Portos

Quebra em Sines afeta resultados

Porto de Setúbal

Depois de seis anos de crescimento interrupto, o movimento portuário dos portos do continente caiu nos primeiros dois meses deste ano. O porto de Sines foi o grande responsável pela quebra de movimento e, como representa mais de metade da movimentação nacional, condicionou os resultados globais, não obstante a boa prestação dos restantes portos. Ainda é cedo para prever se se trata de uma quebra pontual ou se indicia um contraciclo, talvez potenciado pela situação geopolítica pouco favorável. 

Oito por cento foi a quebra no volume de carga movimentada nos portos comerciais do continente nos primeiros dois meses deste ano, dizem as estatísticas mais atuais da AMT – Autoridade da Mobilidade e dos Transportes, à data de fecho desta edição. Em janeiro e fevereiro foram movimentadas 14,7 milhões de toneladas, menos 1,28 milhões que em igual período de 2017.

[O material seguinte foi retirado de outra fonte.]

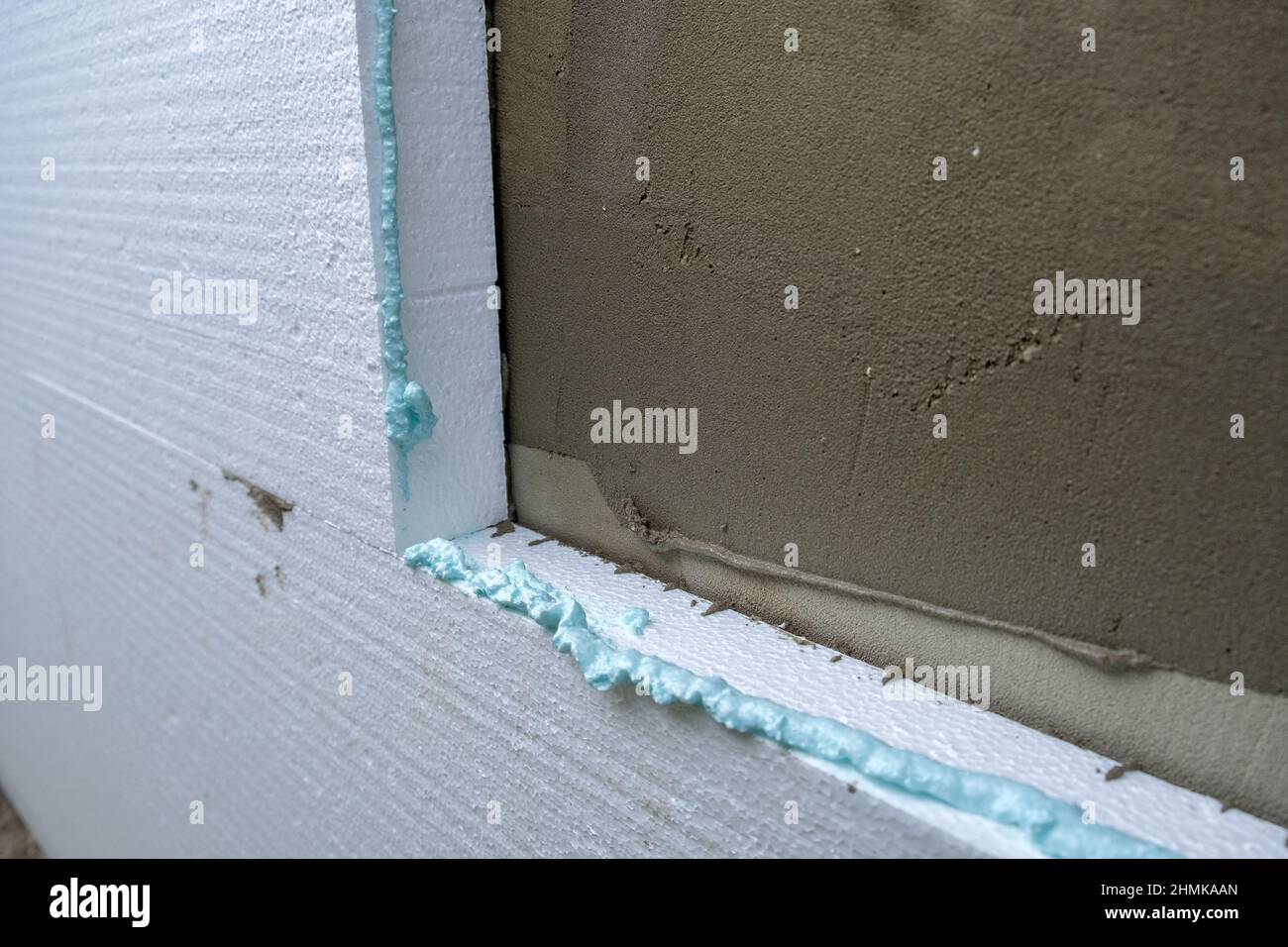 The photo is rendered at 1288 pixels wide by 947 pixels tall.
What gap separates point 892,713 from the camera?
2.64 ft

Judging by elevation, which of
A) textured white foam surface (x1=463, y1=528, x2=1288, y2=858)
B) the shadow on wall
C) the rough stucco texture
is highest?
the rough stucco texture

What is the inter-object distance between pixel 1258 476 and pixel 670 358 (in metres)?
0.56

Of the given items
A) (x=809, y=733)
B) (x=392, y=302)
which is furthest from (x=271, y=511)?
(x=809, y=733)

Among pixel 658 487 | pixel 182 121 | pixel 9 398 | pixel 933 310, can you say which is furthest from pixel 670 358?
pixel 9 398

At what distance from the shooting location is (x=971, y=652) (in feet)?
2.69

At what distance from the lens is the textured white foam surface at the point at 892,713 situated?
2.19ft

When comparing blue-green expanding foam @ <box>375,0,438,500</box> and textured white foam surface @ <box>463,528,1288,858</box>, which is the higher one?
blue-green expanding foam @ <box>375,0,438,500</box>

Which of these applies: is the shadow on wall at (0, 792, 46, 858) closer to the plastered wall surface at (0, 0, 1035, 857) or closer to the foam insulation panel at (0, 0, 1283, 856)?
the plastered wall surface at (0, 0, 1035, 857)

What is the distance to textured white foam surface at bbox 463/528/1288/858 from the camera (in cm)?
67

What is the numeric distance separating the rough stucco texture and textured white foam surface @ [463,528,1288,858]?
0.10 metres

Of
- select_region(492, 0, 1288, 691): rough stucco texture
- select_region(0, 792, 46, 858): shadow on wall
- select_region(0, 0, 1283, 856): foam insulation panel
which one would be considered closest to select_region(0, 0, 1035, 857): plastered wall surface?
select_region(0, 0, 1283, 856): foam insulation panel

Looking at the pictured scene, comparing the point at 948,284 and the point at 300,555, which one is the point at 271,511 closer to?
the point at 300,555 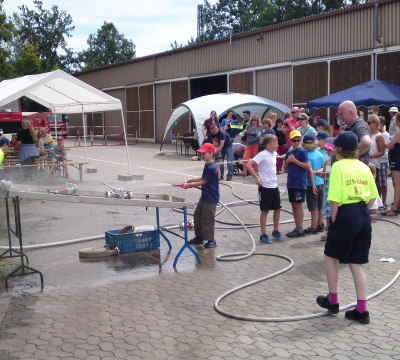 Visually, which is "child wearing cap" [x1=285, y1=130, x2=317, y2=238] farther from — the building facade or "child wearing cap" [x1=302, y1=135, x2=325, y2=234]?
the building facade

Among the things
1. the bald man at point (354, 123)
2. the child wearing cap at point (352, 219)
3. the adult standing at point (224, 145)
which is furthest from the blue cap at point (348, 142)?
the adult standing at point (224, 145)

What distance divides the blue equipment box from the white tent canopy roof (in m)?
6.99

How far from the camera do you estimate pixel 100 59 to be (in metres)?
76.2

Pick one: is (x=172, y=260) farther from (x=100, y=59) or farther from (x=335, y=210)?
(x=100, y=59)

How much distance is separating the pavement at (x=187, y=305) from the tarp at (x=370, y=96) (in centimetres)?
726

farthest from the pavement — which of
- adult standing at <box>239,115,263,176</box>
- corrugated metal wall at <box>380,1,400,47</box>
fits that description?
corrugated metal wall at <box>380,1,400,47</box>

A principal quebra de movimento assistiu-se no Porto de Sines: o decréscimo foi de 19,1% face ao período homólogo, com menos 1,7 milhões de toneladas movimentadas. A AMT desvaloriza o resultado negativo, lembrando que o período janeiro-fevereiro de 2018 está a ser comparado com o seu homólogo de 2017, no qual Sines registou um notável pico de atividade: um crescimento global de 30,4% e de 51,5% na carga contentorizada (induzida pelo aumento de 65,1% no tráfego de transhipment de contentores, medido em TEU). Desta forma, explica, “o comportamento deste porto reflete provavelmente um regresso à trajetória normal, a que subjaz um crescimento global de carga de 8,2% e 20,2% na carga contentorizada, quando comparado aos valores homólogos de 2016”.

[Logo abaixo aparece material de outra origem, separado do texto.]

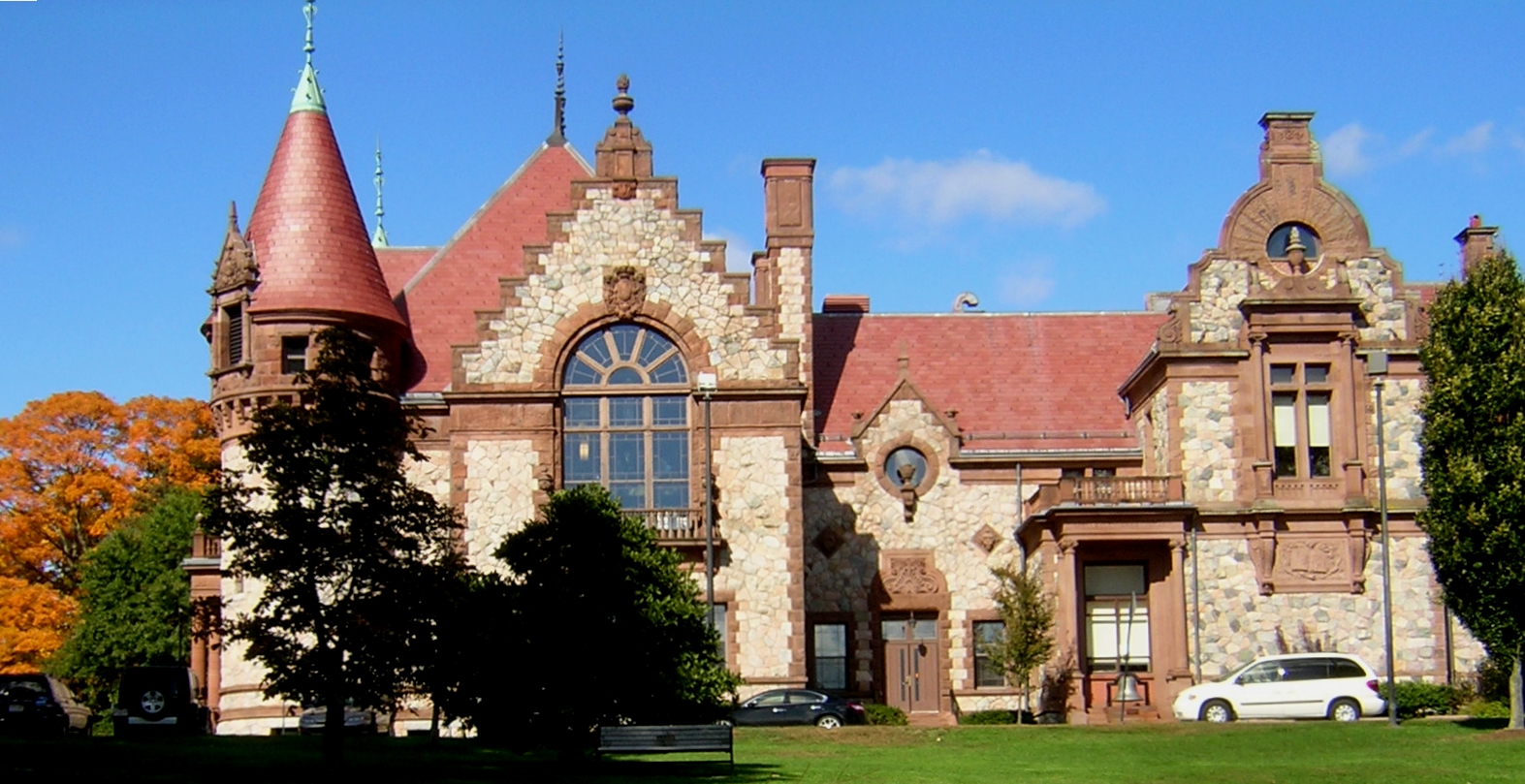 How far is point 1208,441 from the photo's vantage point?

A desaceleração do movimento portuário é confirmada pelas estatísticas apresentadas pela AMT, mas também pelos dados relativos às escalas de navios até março deste ano, confirma a AGEPOR – Associação dos Agentes de Navegação de Portugal, que mostram uma “quebra evidente” no número de escalas de navios de contentores no porto de Sines. “Parece claro que o transhipment em Sines diminuiu. Assistiu-se a uma redução de 11,8% no número de escalas de navios no primeiro trimestre de 2018, com 463 escalas, por comparação com o período homólogo, onde se registaram 525 escalas”, explica António Belmar da Costa, com base nos dados estatísticos da AGEPOR.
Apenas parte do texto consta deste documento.